#### [EXERCISE BRIEF]
Here the job is to transcribe only the lines from the one containing "Two smiling nurses" through the last line below, exactly as written; please leave out pictures.

----- COLLECTED MATERIAL

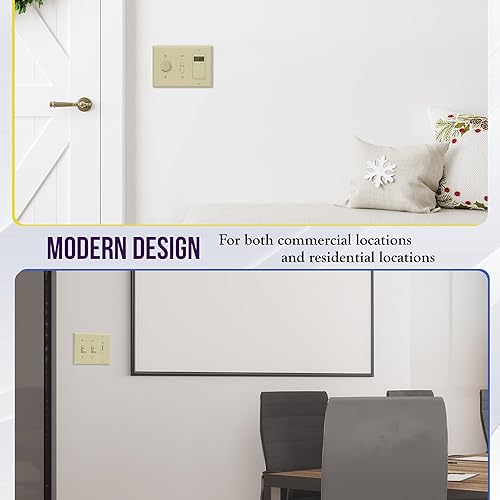 Miniatura 5 de ENERLITES Placa de pared combinada de doble palancaindividual decorador de salida basculante, tamaño estándar, cubierta de interruptor de luz de 3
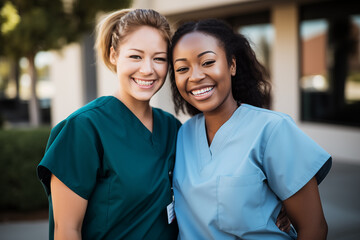 Two smiling nurses outdoors by a hospital, representing a friendly and collaborative healthcare team.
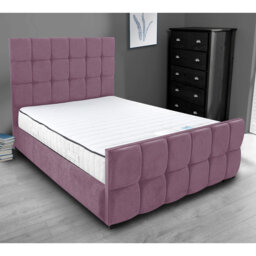 Merricks Contemporary Velvet Upholstered Bed Frame - Padded Headboard, Sprung Slats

----------

#### [TASK RESULT]
 Two smiling nurses outdoors by a hospital, representing a friendly and collaborative healthcare team.
 Merricks Contemporary Velvet Upholstered Bed Frame - Padded Headboard, Sprung Slats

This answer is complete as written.